— TASK GOAL —
Pictures stay out of the copy. Transcribe exactly the lines from the line with "Hi, this is" through the final line of the records.

— GIVEN ENTRIES —
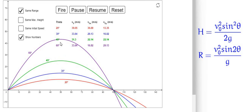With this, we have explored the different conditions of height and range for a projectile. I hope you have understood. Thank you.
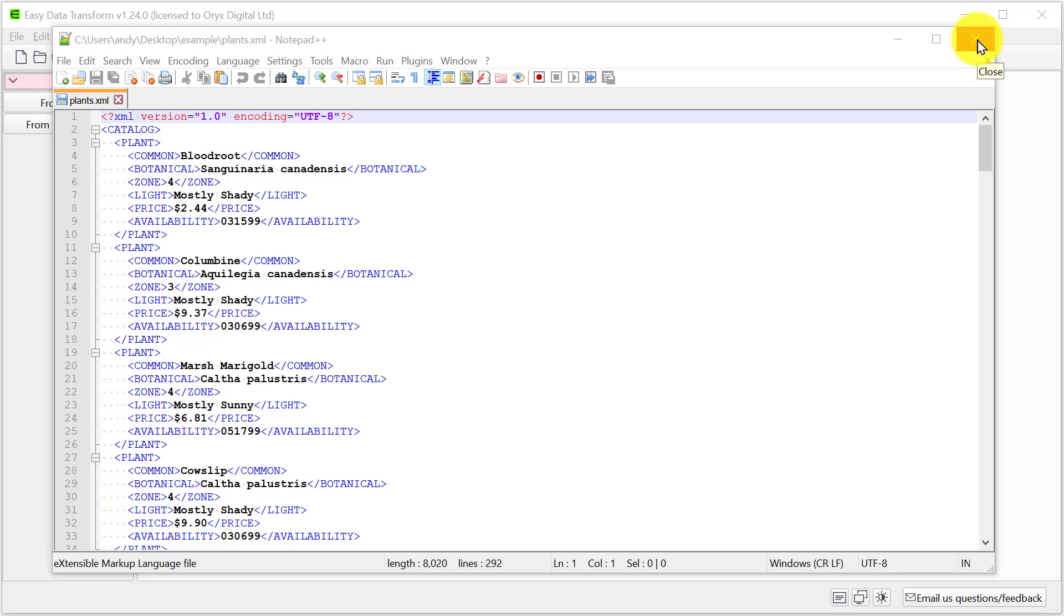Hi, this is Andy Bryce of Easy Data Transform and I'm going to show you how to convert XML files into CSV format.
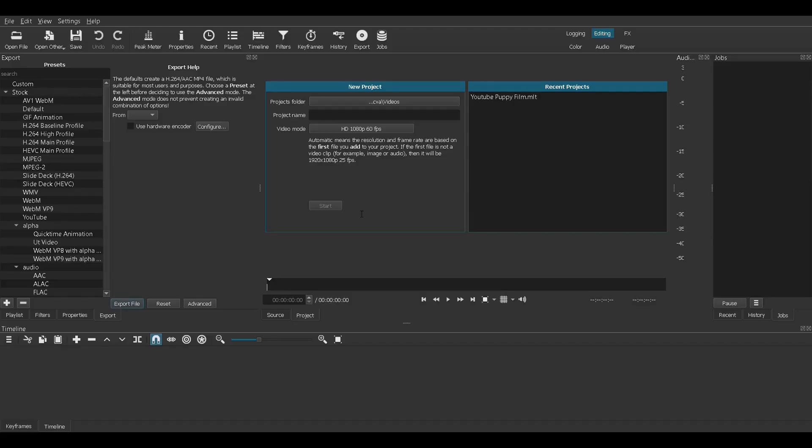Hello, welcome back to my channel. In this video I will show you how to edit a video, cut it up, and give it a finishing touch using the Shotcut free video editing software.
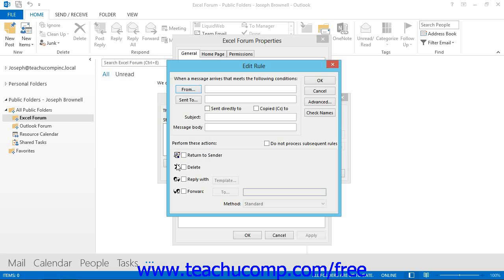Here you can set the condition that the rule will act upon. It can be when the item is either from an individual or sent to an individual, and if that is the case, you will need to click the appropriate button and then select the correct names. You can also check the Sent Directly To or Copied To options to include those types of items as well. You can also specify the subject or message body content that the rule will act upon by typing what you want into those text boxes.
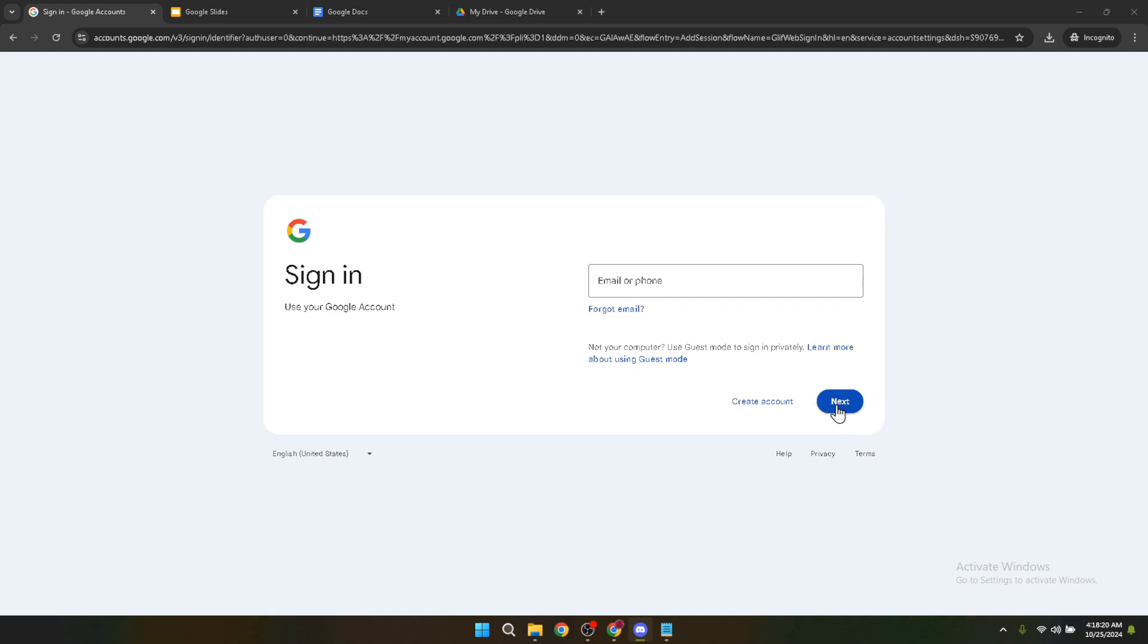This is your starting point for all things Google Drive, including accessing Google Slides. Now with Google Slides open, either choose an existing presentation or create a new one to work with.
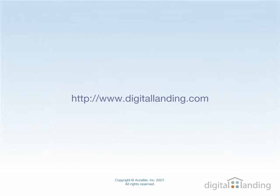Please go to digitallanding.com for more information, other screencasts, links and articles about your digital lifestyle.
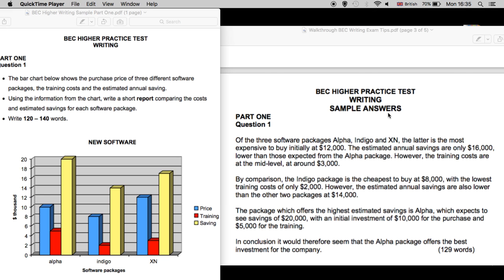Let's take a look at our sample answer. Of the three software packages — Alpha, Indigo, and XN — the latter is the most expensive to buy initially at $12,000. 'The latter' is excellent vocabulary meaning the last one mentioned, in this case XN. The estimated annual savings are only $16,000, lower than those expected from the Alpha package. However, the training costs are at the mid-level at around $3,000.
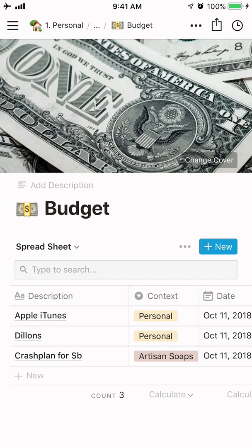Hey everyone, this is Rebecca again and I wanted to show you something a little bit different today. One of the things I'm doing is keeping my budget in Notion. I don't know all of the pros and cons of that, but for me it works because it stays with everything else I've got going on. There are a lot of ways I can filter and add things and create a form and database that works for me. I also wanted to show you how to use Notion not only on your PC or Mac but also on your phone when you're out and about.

— SOLUTION FOR THIS TASK —
Hi, this is Andy Bryce of Easy Data Transform and I'm going to show you how to convert XML files into CSV format.
Hello, welcome back to my channel. In this video I will show you how to edit a video, cut it up, and give it a finishing touch using the Shotcut free video editing software.
Here you can set the condition that the rule will act upon. It can be when the item is either from an individual or sent to an individual, and if that is the case, you will need to click the appropriate button and then select the correct names. You can also check the Sent Directly To or Copied To options to include those types of items as well. You can also specify the subject or message body content that the rule will act upon by typing what you want into those text boxes.
This is your starting point for all things Google Drive, including accessing Google Slides. Now with Google Slides open, either choose an existing presentation or create a new one to work with.
Please go to digitallanding.com for more information, other screencasts, links and articles about your digital lifestyle.
Let's take a look at our sample answer. Of the three software packages — Alpha, Indigo, and XN — the latter is the most expensive to buy initially at $12,000. 'The latter' is excellent vocabulary meaning the last one mentioned, in this case XN. The estimated annual savings are only $16,000, lower than those expected from the Alpha package. However, the training costs are at the mid-level at around $3,000.
Hey everyone, this is Rebecca again and I wanted to show you something a little bit different today. One of the things I'm doing is keeping my budget in Notion. I don't know all of the pros and cons of that, but for me it works because it stays with everything else I've got going on. There are a lot of ways I can filter and add things and create a form and database that works for me. I also wanted to show you how to use Notion not only on your PC or Mac but also on your phone when you're out and about.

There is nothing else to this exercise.